Given information:
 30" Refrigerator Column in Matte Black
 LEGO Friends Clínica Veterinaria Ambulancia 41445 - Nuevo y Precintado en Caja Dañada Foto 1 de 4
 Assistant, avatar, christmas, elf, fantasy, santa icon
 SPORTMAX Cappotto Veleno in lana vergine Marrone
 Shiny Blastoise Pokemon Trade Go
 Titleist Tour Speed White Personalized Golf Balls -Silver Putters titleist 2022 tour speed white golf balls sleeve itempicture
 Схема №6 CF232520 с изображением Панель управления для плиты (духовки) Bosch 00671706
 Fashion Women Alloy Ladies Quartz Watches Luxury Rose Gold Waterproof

...

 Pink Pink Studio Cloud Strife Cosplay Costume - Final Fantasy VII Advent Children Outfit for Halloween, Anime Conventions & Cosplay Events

Activity: Would you print exactly and only the lines of the material above that run from the line with "Assistant, avatar, christmas, elf, fantasy, santa" through the line with "Fashion Women Alloy", both included?

Response area:
 Assistant, avatar, christmas, elf, fantasy, santa icon
 SPORTMAX Cappotto Veleno in lana vergine Marrone
 Shiny Blastoise Pokemon Trade Go
 Titleist Tour Speed White Personalized Golf Balls -Silver Putters titleist 2022 tour speed white golf balls sleeve itempicture
 Схема №6 CF232520 с изображением Панель управления для плиты (духовки) Bosch 00671706
 Fashion Women Alloy Ladies Quartz Watches Luxury Rose Gold Waterproof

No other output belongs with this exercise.